My advice: If you can’t afford simply to buy and drink one, buy two. Drink one and in a while sell the other to pay for the first. Or raid the piggy bank. I think as many people as possible should have the chance to drink this great dram.
The English Whisky Company. St George’s Diamond Jubilee whisky.
Of all the distilleries in the world one would have been very surprised had St George’s not released a whisky for The Queen’s Diamond Jubilee. And it’s priced at a very reasonable £60 as well (Whisky Exchange http://www.thewhiskyexchange.com/P-16794.aspx).As with their previous decanter bottled releases, there is a limited run, this time of only 3,300 bottles.
Well, one has to think about whether this bottling is simply a gimmick, so let’s get to the whisky.
Nose: Firstly, lots of fresh and dried fruit comes forth, marmalade flavours of citrus and apricot. There is an underlying sweetness of boiled sweets and top notes of alpine flowers, bringing a lightness and fragrance to the whisky.

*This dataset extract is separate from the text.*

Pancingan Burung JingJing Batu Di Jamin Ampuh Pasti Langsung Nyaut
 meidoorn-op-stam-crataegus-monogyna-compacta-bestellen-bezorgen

Palate: Harmonious. The dried fruits come through more with the apricots taking centre stage and touches of orange to follow. It is fresh with a slightly herbal edge, mixed with floral notes and moments of honey.
Finish: Quite a long finish, with the fruits subsiding to leave the herbal and floral flavours.
The overall complexity for a whisky of such a young age is impressive. The sweetness is nicely balanced with a fresh appeal. A whisky perfect for summer evening drinking (if we ever get a summer here in the UK!).
The whisky coming out of the St George’s distillery seems to go from strength to strength. Their whiskies have lovely differences yet manage to keep an underlying style which is imparting a distinct identity upon the distillery amongst the rest of the field. Well, I did buy a bottle of this and having reminded myself of how much I liked it, I’m off to find another!
English Whisky Company:St George’s Diamond Jubilee Commemorative whisky.
Very Floral, with a mixture of spring meadow flowers on top of lots of citrus crystalline fruit. There are hints of caramel with high notes of sherbet.
Caramel and sherbet with a nice edge of boiled citrus sweets giving a nice balance of dry and sweet. The high notes are of heather flowers with hints herbs. Overall the weight is medium with an overall spring feel.
This is a lively and dry whisky, dancing on the palate as it finishes, worthy of celebrating our sprightly Queen’s jubilee with. Crisp and polished.
With under 3000 bottles for the world market, I’m very glad I booked my bottle.